I got home in the afternoon and met my mom at our house. I took a minute to drop my stuff off, and we drove to the hospital together. My dad was in the ICU, on some other floor than the first, requiring an elevator ride and then permission from a nurse to come into that particular hospital wing. I went into my dad’s room with my mom, my aunt joined us at some point. The machine he was hooked up to was keeping him breathing in only the most technical of senses. He was unconscious and any conversation we would have with him was going to be one-sided.

We all talked about various things, my aunt said her goodbyes. I was given a moment alone. I said mine too. My mom said her’s at some point.

My aunt left, and my mom and I argued about politics and whether or not believe in higher powers was important. The nurse came in again and removed the tubes allowing my dad to breath. My mom and I watched him continue to try to breathe after that. His body kept trying to breathe until it couldn’t anymore, and that was that. We went home, and my mom and I wanted wine, but my aunt had arrived, and she made tea instead. My girlfriend came over too. We sat around the dining table and talked some more, retracing choices that lead to consequences that lead to a family sitting around a dining table at 1 am.

The rest of the week was a combination of arrangement making and Netflix, a trip to a mortician and a small plot of land in Los Angeles was in there somewhere. The next weekend I drove back to Flagstaff. When I got back, I wrote Monster. It’s not about my dad. It’s more about big wide spaces and how they get filled with good and bad people that you love and love you back.

About 2 years later I revised the second verse and hopefully improved upon the themes I was already trying for.

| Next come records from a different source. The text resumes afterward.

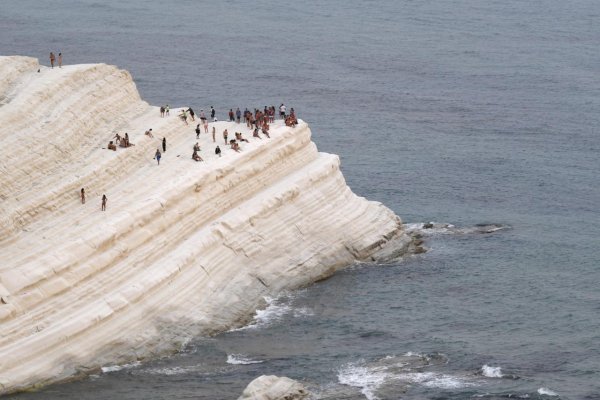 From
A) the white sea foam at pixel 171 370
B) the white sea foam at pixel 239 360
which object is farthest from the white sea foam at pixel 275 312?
the white sea foam at pixel 171 370

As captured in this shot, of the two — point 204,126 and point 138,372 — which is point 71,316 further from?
point 204,126

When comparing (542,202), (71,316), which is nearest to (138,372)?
(71,316)

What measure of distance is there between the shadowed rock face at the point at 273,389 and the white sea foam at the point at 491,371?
955 cm

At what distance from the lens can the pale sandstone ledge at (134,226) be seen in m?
73.9

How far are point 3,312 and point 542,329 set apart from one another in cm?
2911

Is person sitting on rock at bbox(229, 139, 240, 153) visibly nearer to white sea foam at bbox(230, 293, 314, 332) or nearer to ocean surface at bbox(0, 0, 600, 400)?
ocean surface at bbox(0, 0, 600, 400)

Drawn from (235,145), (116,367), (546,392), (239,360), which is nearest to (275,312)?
(239,360)

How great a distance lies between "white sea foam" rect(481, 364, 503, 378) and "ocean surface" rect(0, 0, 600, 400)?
0.29 ft

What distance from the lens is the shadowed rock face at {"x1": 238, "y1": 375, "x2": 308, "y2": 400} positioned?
226 ft

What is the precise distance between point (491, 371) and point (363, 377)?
A: 649 cm

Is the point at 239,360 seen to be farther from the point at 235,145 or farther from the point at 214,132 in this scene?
the point at 214,132

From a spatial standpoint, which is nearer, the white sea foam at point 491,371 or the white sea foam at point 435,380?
the white sea foam at point 435,380

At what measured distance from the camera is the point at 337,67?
151 meters

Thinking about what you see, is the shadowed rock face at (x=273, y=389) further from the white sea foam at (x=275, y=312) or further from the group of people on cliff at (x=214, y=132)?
the group of people on cliff at (x=214, y=132) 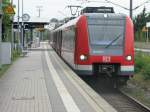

I recorded it with my friend Jordan in her bedroom of her family’s house. We accidentally left the window open on her vocal recording, and you can hear the outside and a dog in the distance.

You can find music and such here

Artist’s Note
Fresno, California
Folk, Goth, Indie Rock, Singer-Songwriter
creative nonfiction

3 thoughts on “That one time my dad died

  1. Patrick/Old College Try. Thanks for this stumbled across post. It rings future bells for me. Your numbered list is akin to one that I would write for my dad: there’d be no alcohol involved (though last time I visited down south I was surprised to be offered a glass of whisky from quite a depleted bottle; it was, he said, medicinal & I couldn’t blame him. The repeated hospitalisations this year seem to be ended with an escape from the bed – much to everyone’s frustration! I may even get him a length of sheets tied together this Xmas… if he makes it.

    Loving the Old College Try: open, paced, thought through & thoughtful. The fi is lo as i like it!. I don’t like to offer up comparisons – they are often way off the mark – but, Conor Oberst?

    Love the dog outside the window. Often these accidentals make a song, don’t you think? Well done for having the tenacity to leave it in: many wouldn’t have!

    Sorry for your loss.

  2. Hey Nick,

    Thank you so much for reading. I’m sorry to hear you and yours are experiencing. Having chronically sick family in that particular way is its own odd purgatory and I send many good thoughts your way.

    Thank you for listening to my music as well, its funny you bring up Mr. Oberst as I’ve gotten compared to him before I even started to listen to him. But I do appreciate it as I have be come quite the fan of Bright Eyes and his solo stuff over the years.